Efficient energy metering and management is a key concern that continues to challenge companies across the world. Rising energy costs have forced them to make better use of building automation, metering, data acquisition and processing systems to track consumption, wastage and demand at a granular level and optimise energy utilisation. Many organisations are now exploring new alternatives such as distributed energy resources (DERs) to address their growing energy needs.

ISO 50001 is an international standard that offers a comprehensive framework to setup, apply maintain and enhance the effectiveness of Energy Management Systems (EnMSs) on a continuous basis. Based on the Deming Cycle, the framework requires organisations to carefully plan and strategise their energy management efforts before implementing them and improving energy efficiency, until energy targets are achieved.

Energy Metering

The objectives or targets of an energy management initiative must first be finalised before embarking on action. It is important to decide what an organisation or utility service provider wishes to accomplish using energy data from metering systems and then address the question of how best to achieve the intended results.

The adoption of ISO 50001 and compliance requires companies to:

  • Define objectives and targets
  • Detail action plan
  • Identify energy benchmarks/baseline
  • Establish Key Performance Indicators (KPIs)
  • Formulate a framework to monitor, measure, and analyse energy data
  • Conduct periodic reviews to improve performance

Benchmarks and KPIs are two critical aspects that determine the success of energy management initiatives. Knowing what to measure and compare is as important as knowing the goal the company has set out to achieve.

Energy benchmarks serve as a standard against which energy efficiency of a given site/location is compared. These can either be energy data from the same site (usually historical) or other external sites or locations with similar functions and sizes.

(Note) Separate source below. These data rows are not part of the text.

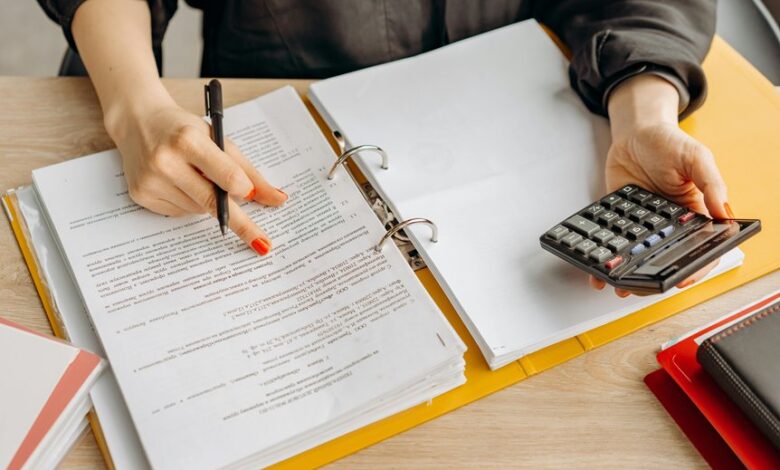 business efficiency measurement numbers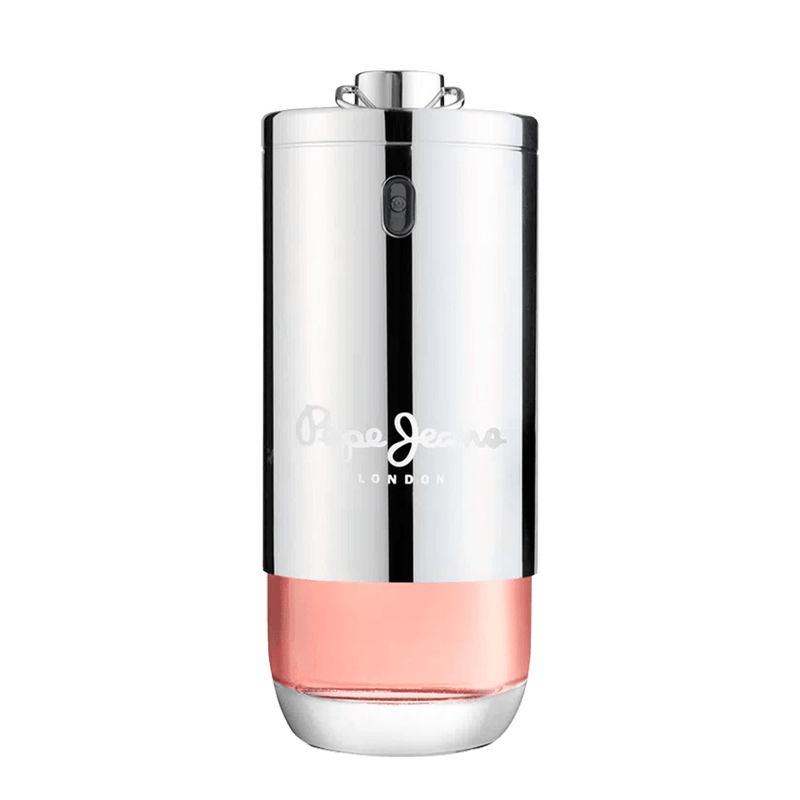 Pepe Jeans London Bright Eau de Parfum - Perfume Feminino - 50ml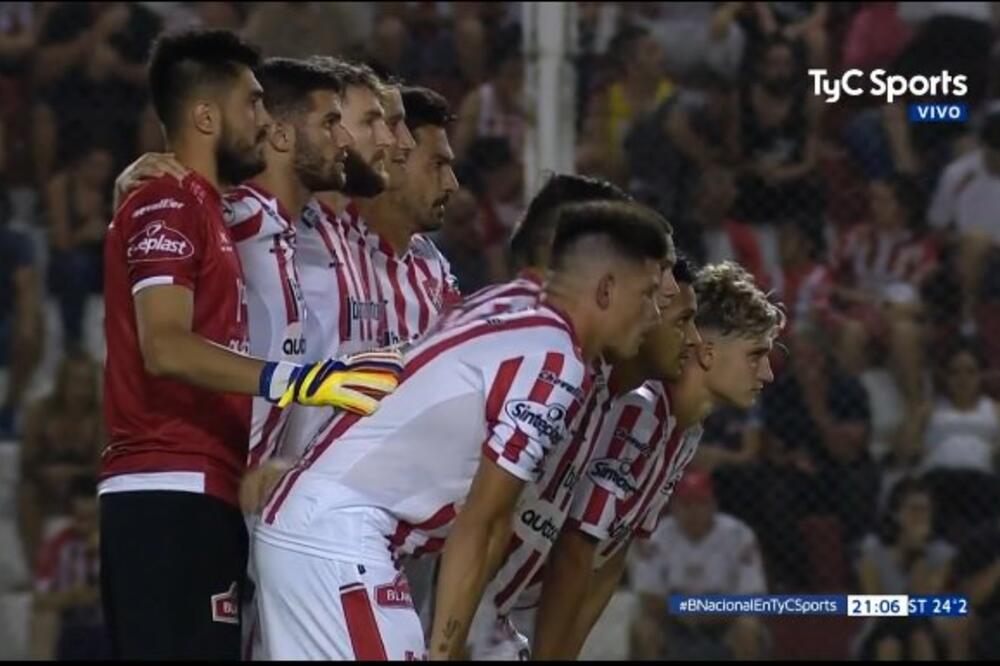 vila belmina, Foto: Printscreen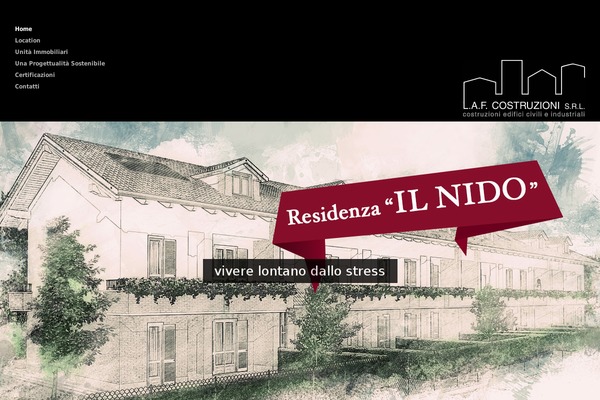 Architecture-v1_02 theme site design template sample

Key performance indicators, on the other hand, are specific parameters that help measure energy efficiency. These are directly mapped to energy data collected by the different metering systems on site. KPIs usually are site-specific and vary based on the size and function of the location. Defining the right KPIs, therefore, is important to get a clear picture of energy demand, supply and consumption at a given site.

For example, data centres typically will be interested in tracking power usage effectiveness, cooling efficiency, UPS efficiency and use, and energy efficiency of servers. Monitoring the density of light, efficiencies of fans, heating/cooling systems, pumps, etc. seem more relevant in residential/office buildings.

Determining the Right Benchmarks and KPIs

Facility managers are usually adept at determining site-specific KPIs. However, for those who need assistance, answering a few simple questions and working forward from actual energy consumption data often helps identify relevant KPIs without much difficulty. This can be done in just a few steps.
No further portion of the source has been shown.